### [Dataset excerpts]
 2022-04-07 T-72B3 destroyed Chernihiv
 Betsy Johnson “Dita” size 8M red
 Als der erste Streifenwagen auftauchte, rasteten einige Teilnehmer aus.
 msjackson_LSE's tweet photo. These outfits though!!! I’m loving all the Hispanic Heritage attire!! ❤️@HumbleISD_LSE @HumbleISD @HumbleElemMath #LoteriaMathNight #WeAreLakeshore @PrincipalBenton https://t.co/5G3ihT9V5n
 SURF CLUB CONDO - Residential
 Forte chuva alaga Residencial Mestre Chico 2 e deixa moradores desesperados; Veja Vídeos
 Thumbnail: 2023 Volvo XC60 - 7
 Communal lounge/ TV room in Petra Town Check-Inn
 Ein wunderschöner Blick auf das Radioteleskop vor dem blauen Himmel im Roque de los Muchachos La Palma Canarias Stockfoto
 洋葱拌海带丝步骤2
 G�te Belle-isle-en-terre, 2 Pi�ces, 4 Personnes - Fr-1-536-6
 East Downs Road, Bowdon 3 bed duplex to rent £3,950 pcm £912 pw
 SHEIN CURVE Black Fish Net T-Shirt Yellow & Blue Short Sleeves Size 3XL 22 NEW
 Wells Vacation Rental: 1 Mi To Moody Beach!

### [What is expected]
Each record must be output exactly, with none omitted.

### [Response below]
 2022-04-07 T-72B3 destroyed Chernihiv
 Betsy Johnson “Dita” size 8M red
 Als der erste Streifenwagen auftauchte, rasteten einige Teilnehmer aus.
 msjackson_LSE's tweet photo. These outfits though!!! I’m loving all the Hispanic Heritage attire!! ❤️@HumbleISD_LSE @HumbleISD @HumbleElemMath #LoteriaMathNight #WeAreLakeshore @PrincipalBenton https://t.co/5G3ihT9V5n
 SURF CLUB CONDO - Residential
 Forte chuva alaga Residencial Mestre Chico 2 e deixa moradores desesperados; Veja Vídeos
 Thumbnail: 2023 Volvo XC60 - 7
 Communal lounge/ TV room in Petra Town Check-Inn
 Ein wunderschöner Blick auf das Radioteleskop vor dem blauen Himmel im Roque de los Muchachos La Palma Canarias Stockfoto
 洋葱拌海带丝步骤2
 G�te Belle-isle-en-terre, 2 Pi�ces, 4 Personnes - Fr-1-536-6
 East Downs Road, Bowdon 3 bed duplex to rent £3,950 pcm £912 pw
 SHEIN CURVE Black Fish Net T-Shirt Yellow & Blue Short Sleeves Size 3XL 22 NEW
 Wells Vacation Rental: 1 Mi To Moody Beach!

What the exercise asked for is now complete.